Emily Smith finds landscape and history, and the connections between them, endlessly inspiring for her music. That’s as true for the songs she writes herself as for the music she seeks out from older sources. In Smith’s case, the landscapes which most draw her imagination are those of Dumfries and Galloway, in southwestern Scotland.
“Local history is a big thing for me,” she says. “The traditional music, I try to trace back songs coming from Dumfriesshire. I’m very much inspired by the landscape in the songs I write, also. And there are a couple of songs I’ve done about historical figures from the region.”
Smith sings and writes in both straightforward English and in Scots. Though she’s won a number of top awards for both songwriting and singing, neither of those got her started in music. “My parents gave me an accordion one Christmas,” Smith recalled, and that eventually led to her joining an accordion orchestra and playing with other bands for ceilidhs, too. “When I was first starting out, I was very much more of an accordion player than a singer,” she says.
Smith grew up in the same area of Dumfries and Galloway where she now makes her home. “A lot of the traditional music that’s played around here is Scottish country dance band, all accordion and fiddle — there’s a very strong following for that,”she said. “If you were to stumble upon a session in a pub –doesn’t happen often down here but there are a few sessions — the majority of the tunes are Irish, because we’re so close to Ireland and a lot of the people here have connections there. All that was my background when I first got into traditional music, really.”
Both of the bands she was in decided they needed a singer and a spokesperson “and I’m not quite sure how it happened, but that became me,” Smith said, pointing out that she learned a great deal about stage presence and connecting with audiences from those experiences.
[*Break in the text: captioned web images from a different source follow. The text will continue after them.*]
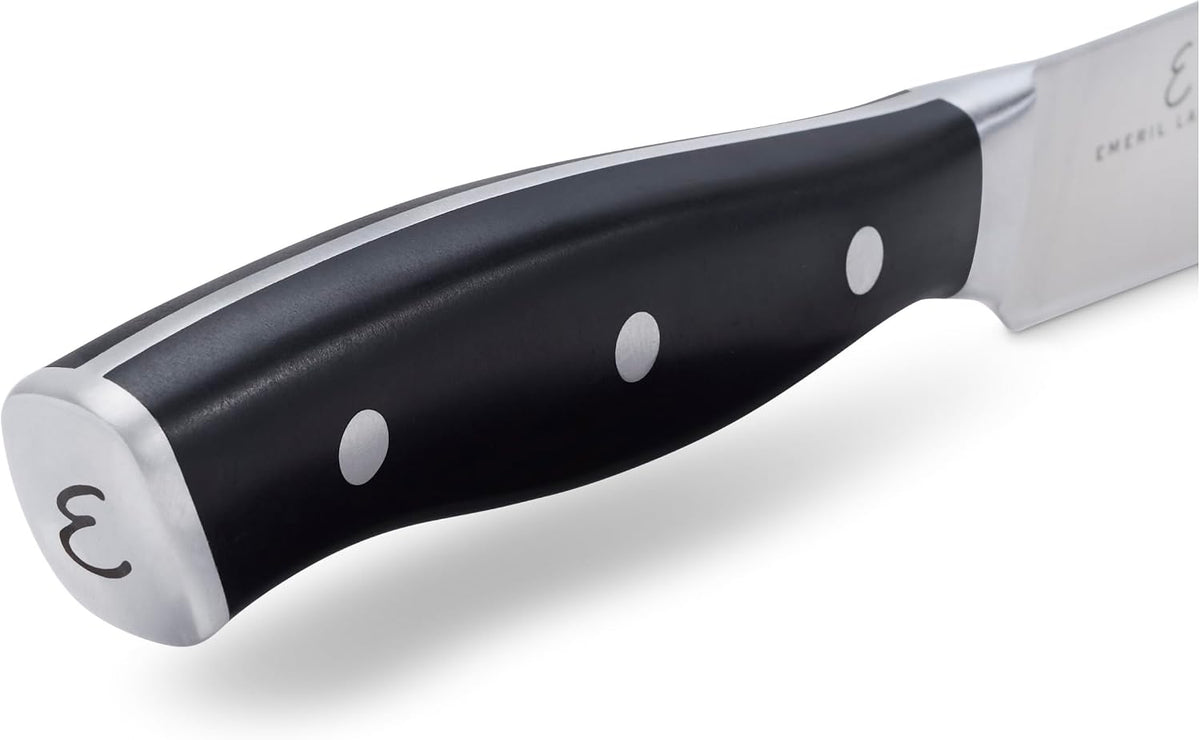 x EMERIL Lagasse The Nola Collection Razor-Sharp German 2-pc Carving Knife Set, Made in Company-Owned German Factory with Special Formula Steel perfected for almost 300 Years, Dishwasher Safe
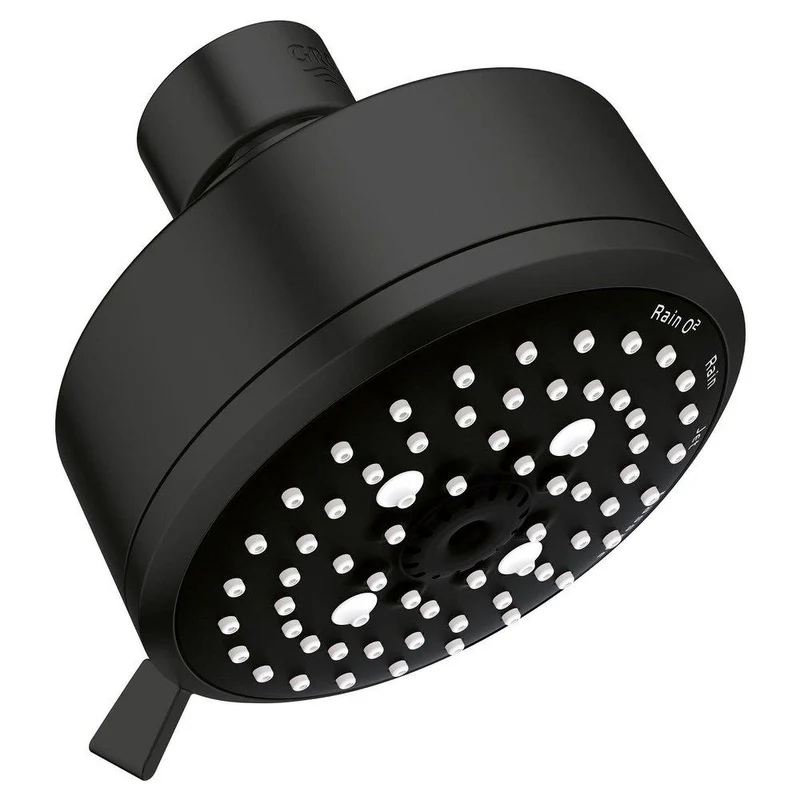 GROHE Tempesta Cosmopolitan Multi Function Showerhead in Matte Black | Ferguson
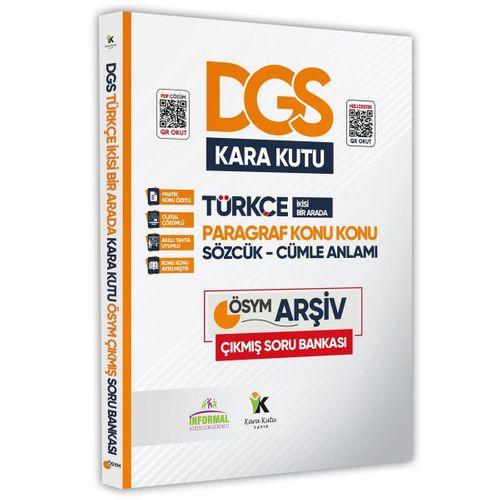 DGS Türkçenin Kara Kutusu KONU KONU PARAGRAF 1 Konu Özetli D Çözümlü ÖSYM Çıkmış Soru Bankası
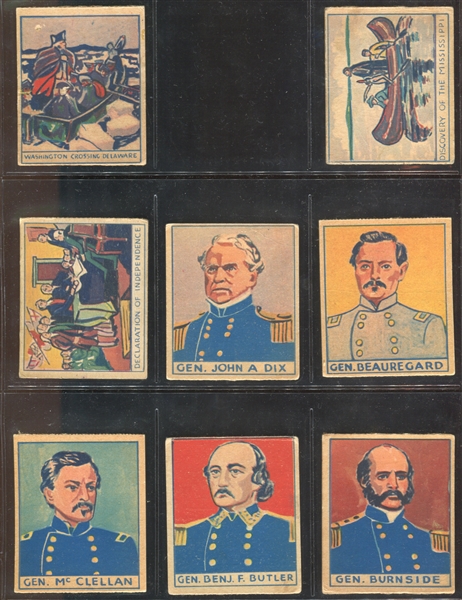 R129 Series of 48 American History Near Set of (46/48) Cards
She knew she didn’t want to pursue a course in classical music at university, though, so she was considering other careers, when she heard of the Scottish traditional music course at the Royal Scottish Academy of Music and Drama in Glasgow. “I hadn’t really planned on that at all,” she says. but she got a last minute audition. “They accepted me in to the course to start that autumn, and just away I went!”
Though she values her time in Glasgow for the academic study of Scottish tradition as well as for getting her involved in the traditional musical scene beyond her rural home area, it was to Dumfriesshire she returned. Her most recent solo album, Too Long Away, includes both traditional songs and songs she has written, among them Sunset Hymn, which crystalizes a moment of a summer evening, and Winter Song, a meditation of the challenges and choices of settling in to make it through winter time. “We were snowed in when I wrote that one,” Smith recalled, laughing.
Smith was one of the writers who participated in The Darwin Song Project, in which songwriters were commisoned to collaborate to create songs about and inspired by the scientist. Last year, she and husband and musical partner Jamie McClennan decided to pay tribute to another figure from history, Scotland’s national bard Robert Burns, who was also a Dumfriesshire resident. “We started out choosing songs he wrote about this local area,” Smith says, “and then added a few songs, lesser known and well known, just because we liked them!” Smith handles lead singing on songs including the title track, Adoon Winding Nith, Silver Tassie, and The Plooman, while McClennan contributes outstanding fiddle playing and sits in on guitar and other instruments as well.
[At the time pf this writing] Smith is at work on a new recording to be launched in February of 2011. She’s booking dates in Europe in support of that, and in the meanwhile has a short run of concerts in New England and Canada coming up.
As she works on her own music and looks for traditional songs she’d like to sing, she often looks through old books of history and poetry, both to find songs and to find lines and ideas that suggest directions for her own writing. “ A big thing for me is still the local history side. I guess that just means that I’ve found it easier to relate to things that I know are sourced from this part of Scotland,” Emily Smith says. “I like to be able to go to the locations that are mentioned in in the story. It’s the story that really grabs me.”